**Instructions for the task**
Below are some records; copy them word for word and drop the pictures.

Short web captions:
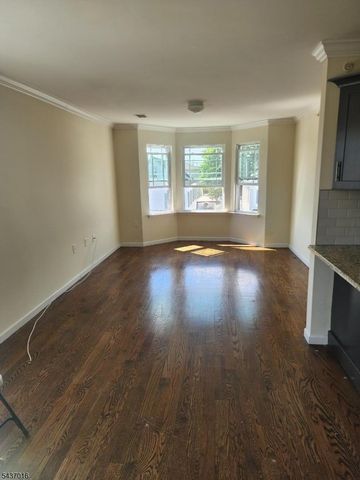 25 Amity St, Elizabeth City, NJ 07202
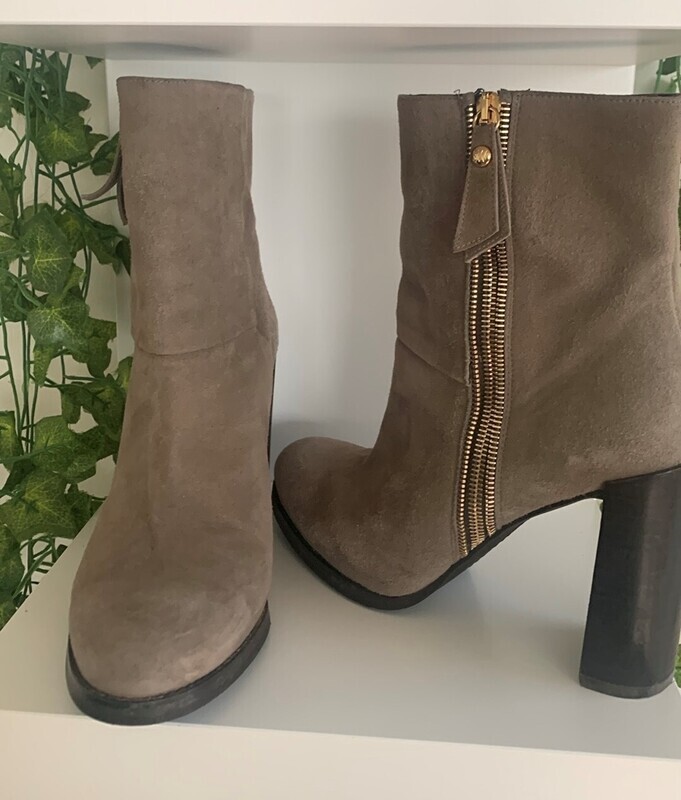 Brown Boots 9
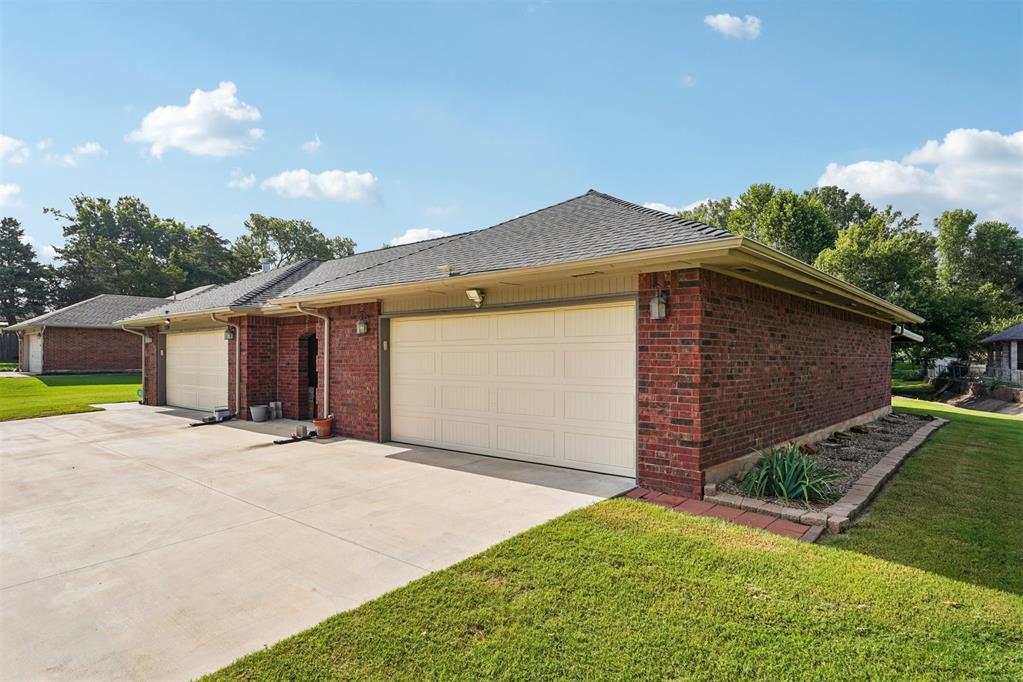 1624 E Twin Brook Terrace Property Photo 3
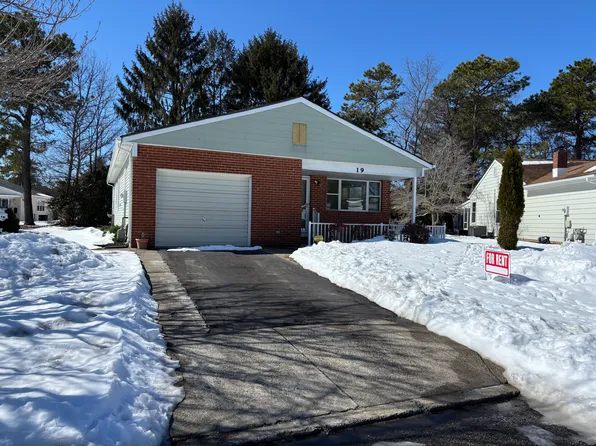 19 Lyford Ct, Toms River, NJ 08757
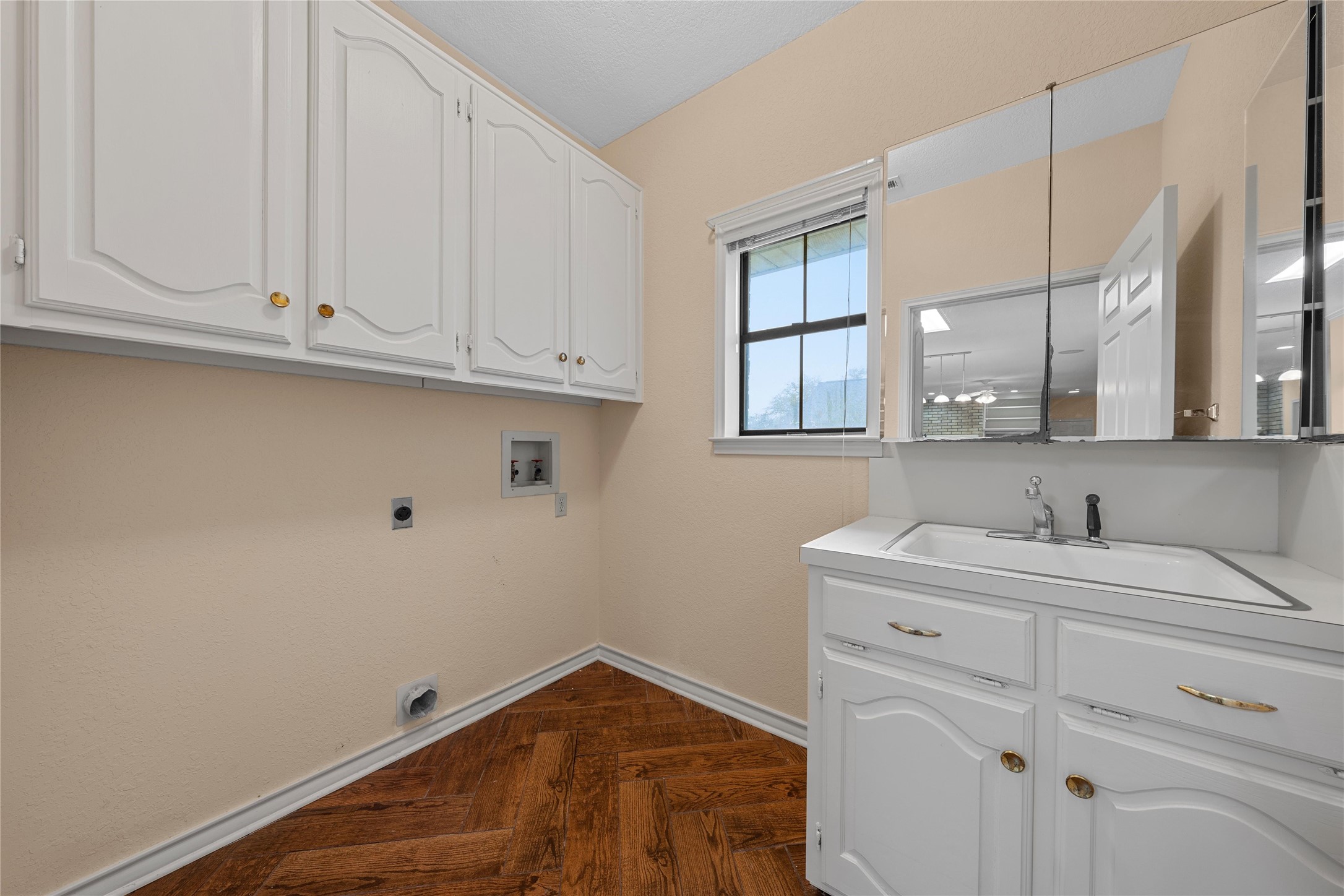 2510 Oak Ridge Clifton TX 76634
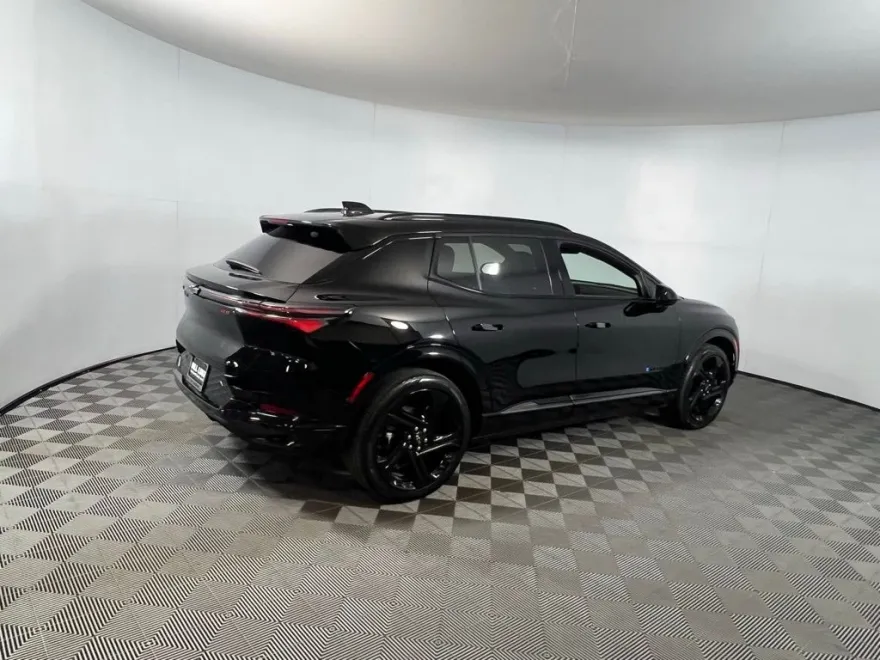 2024 Chevrolet Equinox EV 3RS photo 1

**Solved problem**
 25 Amity St, Elizabeth City, NJ 07202
 Brown Boots 9
 1624 E Twin Brook Terrace Property Photo 3
 19 Lyford Ct, Toms River, NJ 08757
 2510 Oak Ridge Clifton TX 76634
 2024 Chevrolet Equinox EV 3RS photo 1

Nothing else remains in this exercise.